▶ _DATA SHOWN_:
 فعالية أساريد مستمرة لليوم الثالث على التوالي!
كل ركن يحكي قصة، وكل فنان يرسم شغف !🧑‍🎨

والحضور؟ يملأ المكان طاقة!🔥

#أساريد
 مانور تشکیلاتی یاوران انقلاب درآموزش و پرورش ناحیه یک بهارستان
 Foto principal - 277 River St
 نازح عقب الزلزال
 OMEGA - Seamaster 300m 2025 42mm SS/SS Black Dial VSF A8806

==

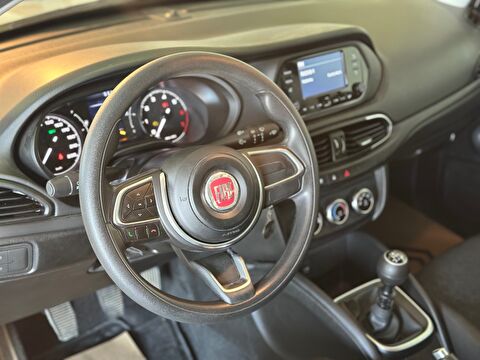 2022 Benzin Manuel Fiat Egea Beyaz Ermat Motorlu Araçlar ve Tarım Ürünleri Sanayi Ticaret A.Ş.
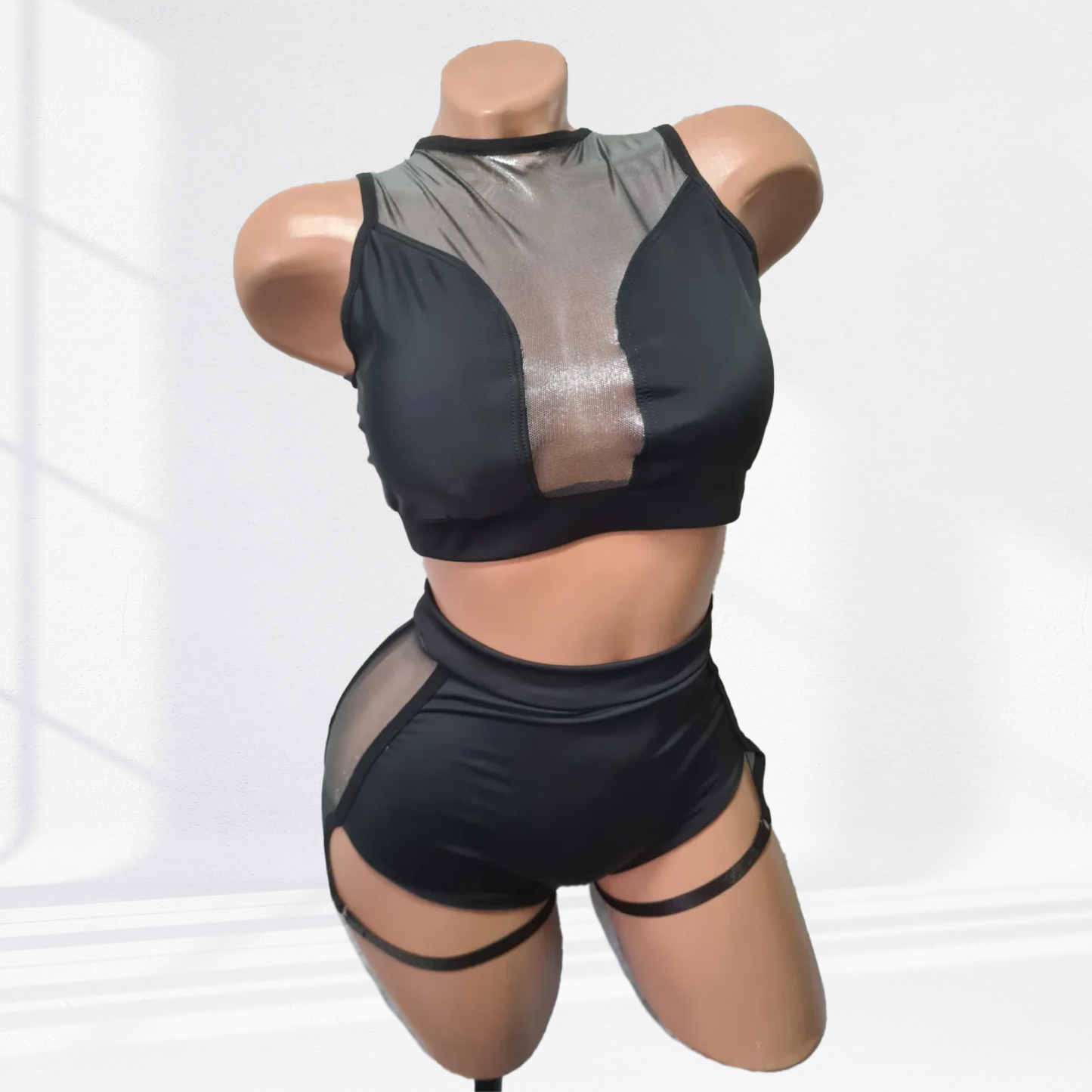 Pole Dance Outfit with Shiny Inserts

...

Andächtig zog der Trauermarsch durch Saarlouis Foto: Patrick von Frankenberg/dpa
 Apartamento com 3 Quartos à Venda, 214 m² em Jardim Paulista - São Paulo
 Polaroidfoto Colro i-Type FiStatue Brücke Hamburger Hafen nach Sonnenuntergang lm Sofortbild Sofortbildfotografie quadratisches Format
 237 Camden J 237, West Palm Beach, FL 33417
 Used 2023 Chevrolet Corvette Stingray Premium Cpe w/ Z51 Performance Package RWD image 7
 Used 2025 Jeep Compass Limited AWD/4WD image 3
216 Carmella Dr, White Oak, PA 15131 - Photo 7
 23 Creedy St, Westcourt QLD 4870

▶ _ASSIGNMENT_: If a line in the records above holds the string "image", copy it out.

▶ _RESPONSE FOR THIS EXERCISE_:
 Used 2023 Chevrolet Corvette Stingray Premium Cpe w/ Z51 Performance Package RWD image 7
 Used 2025 Jeep Compass Limited AWD/4WD image 3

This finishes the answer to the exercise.